Director Brad Bird is perhaps best known for Pixar efforts The Incredibles (2004) and Ratatouille (2007), but has now turned his hand to live action filmmaking as he directs Tom Cruise (who recently announced the possibility of a sequel to the 1980s classic Top Gun) and home grown comic talent Simon Pegg (soon to reprise his role of Scotty in the as-yet-untitled Star Trek 2) in Mission: Impossible – Ghost Protocol (2011), the fourth instalment in the series.
When the Kremlin is attacked, the IMF (the ‘Impossible Missions Force’, not Christine Lagarde’s International Monetary Fund – more’s the pity) is blamed for the bombing forcing the closure of the organisation. In reaction to the events, Ethan Hunt (Cruise) and his band of attractive and not-so-attractive teammates go rogue in order to clear their names.
John Woo’s Mission: Impossible II may have been abhorrent back in 2000 (and the less said about J.J. Abram’s Mission Impossible III  the better), but they both made money. There’s only one way to describe this latest cash-in – ‘popcorn’. That is to say: light, fluffy, full of hot air, no nutritional value and a mark up that would make a Russian oil tycoon blush.
Ghost Protocol is at its most interesting when it abandons its farcical plot entirely. The moments when Ethan is driving pretty cars, shooting things or falling off the tallest (and therefore the best) building in the world – the Burj Khalifa in Dubai in a specially shot 10 minutes IMAX sequence – are what grab your attention.
Pegg plays his role as the lovable English geeky scamp well, yet the rest of the supporting cast are tiresome and dry. The occasional nod to the previous films (including Brian De Palma’s excellent Mission Impossible) is irritating and obvious. Any sense of mystery the film endeavours to kindle is erroneous.

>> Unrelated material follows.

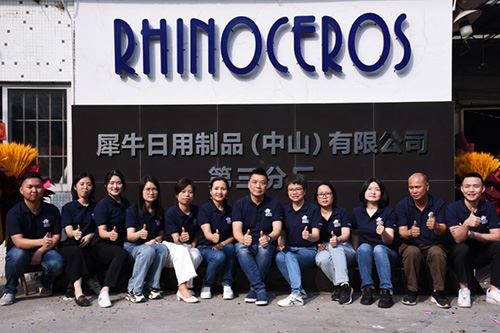 एक नए संघर्ष की शुरुआत एक रमणीय ग्रीष्मकालीन पर्व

Ghost Protocol is action fluff, and on that level alone it works well enough. There is a distinct odour of the original 1960s TV series with its light camp quality. Had this been heightened and any attempts to play it serious been dropped, the film would have been better. Ultimately, what Hollywood needs to realise is that you can’t just keep regurgitating the same movie – it is boring to watch and no doubt boring for directors to make.